Sunday, May 15, 2011

Family Dinner Revival

A while back I would have been completely embarrassed to share our family dinner routine--mainly because we had no routine; or structure. With such picky eaters (much of it due to my own lack of discipline), my husband and I found ourselves making separate dinners for each of our children. He and I wouldn't eat together until the kids were in bed where we could eat in peace without the "eww" and "I don't like that".

I have a magnet on my refrigerator that says, "Everyday I give my family two choices for dinner...take it or leave it." I've intended to live up to this, but it's rarely happened.
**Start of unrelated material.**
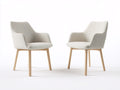 Chaise de salle à manger-Tissu-Bois-60x58x82 cm-Blanc cassé-Bois naturel-Style scandinave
I have always envied families who have sit down dinners, where everyone eats and passes the side dishes around the table. I admit, I hate cooking with a passion! In order to balance the need for family dinners together and the kids actually eating we eat out quite a bit at "sit down" restaurants.

I'm excited to say I've found a solution! It's only been 1 week but I'm blown away at the results. Curious yet? Okay, here it is; we have a family of 5. Two days a week, Fridays and Saturdays, we've committed to eating out still for tradition's sake, and because those days we're often away from the home at dinner time. For Sunday through Thursday each of us have drawn days out of a jar. Those are our permanent days we are each responsible for preparing dinner for the family--yes, even our 2 year old daughter with help from Mommy and Daddy!

When it's our day to cook, we get to choose what everyone eats. We lead prayer, and we set the table. We each bus our own dishes afterward. This is what has happened as a result:

  • The children get excited to create what they want knowing (within reason) everyone will eat it or at least try it, no rude comments allowed.
  • They learn cooking skills.
  • They also learn to be sympathetic toward those making meals they may not like and try them anyway knowing a lot of work and preparation went into it. After all, they wouldn't like it if someone complained about the meal they carefully planned and made with love.
  • The children have gained such pride and self confidence as they watch their family eat what they've prepared.
  • My husband and I kind of get a break from cooking. We still help guide them with their preparations.
  • We are bonding and creating lasting memories. Today as I was helping my 9 year old make French toast, he offered me a high five with our spatulas as one of his toasts turned out beautiful.
I'm sure there are other benefits of our new dinner routine. Finally, we get to live up to the magnet quote about two choices; taking it or leaving it. My hope is my kids, oral sensory issues and food aversions or not, will learn to appreciate new things and cherish family dinnertime.